■ **DATA SEGMENT**:
-=-=-=-=-
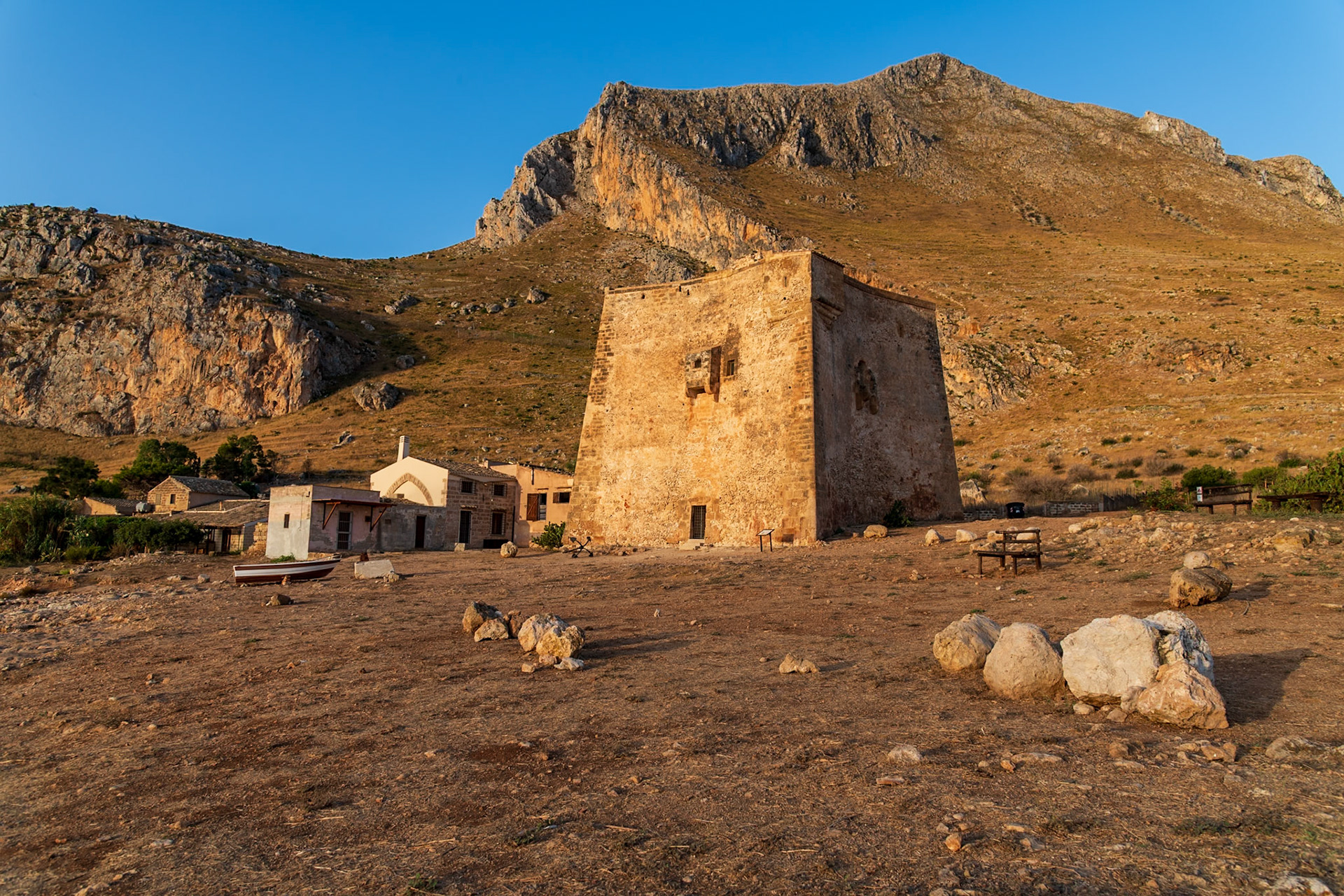 Tonnara del Cofano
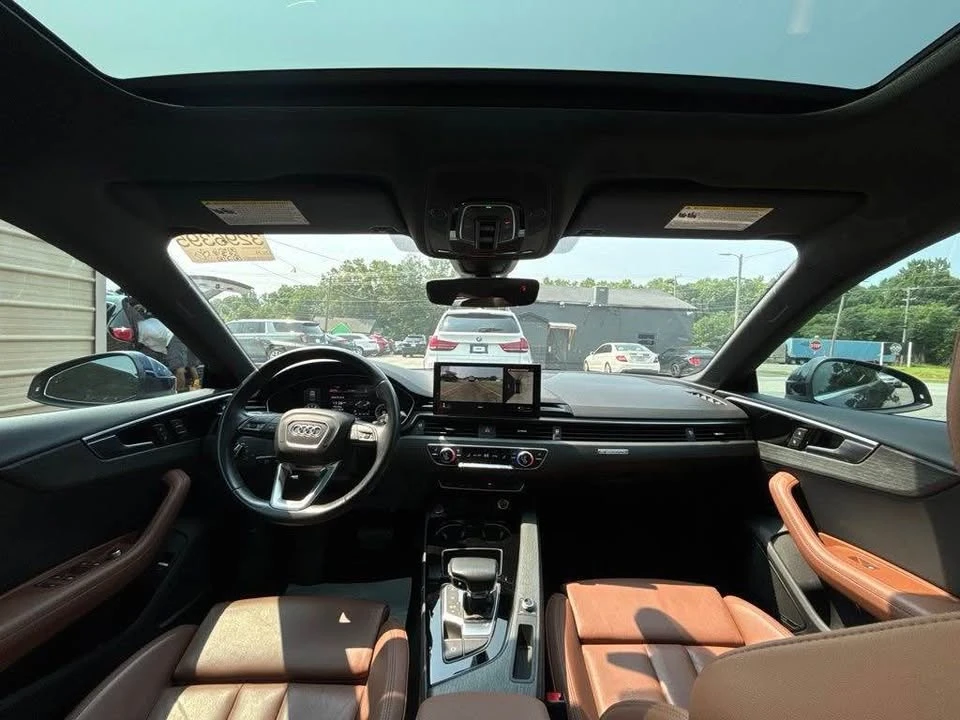 2021 Audi B9 A5 - Image 5 of 7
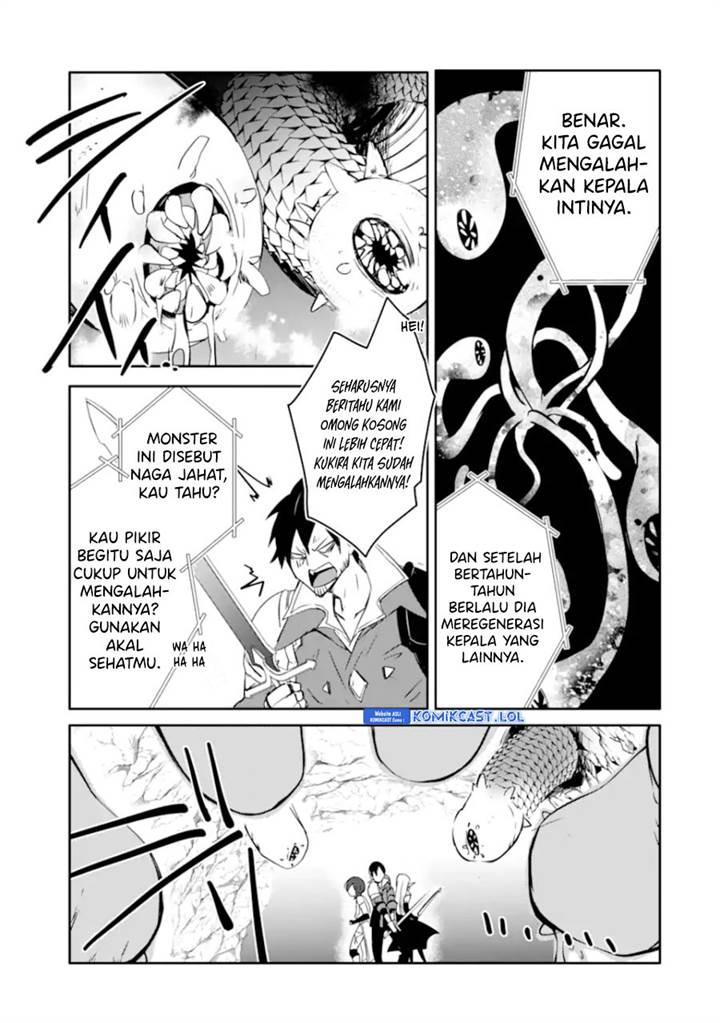 Mannen D-rank no Chuunen Boukensha, Yotta Ikioi de Densetsu no Ken wo Hikkonuku Chapter 39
-=-=-=-=-
■ **PROBLEM TO WORK ON**:
This task asks for the data above repeated exactly, without a single picture.

■ **PROBLEM SOLUTION**:
 Tonnara del Cofano
 2021 Audi B9 A5 - Image 5 of 7
 Mannen D-rank no Chuunen Boukensha, Yotta Ikioi de Densetsu no Ken wo Hikkonuku Chapter 39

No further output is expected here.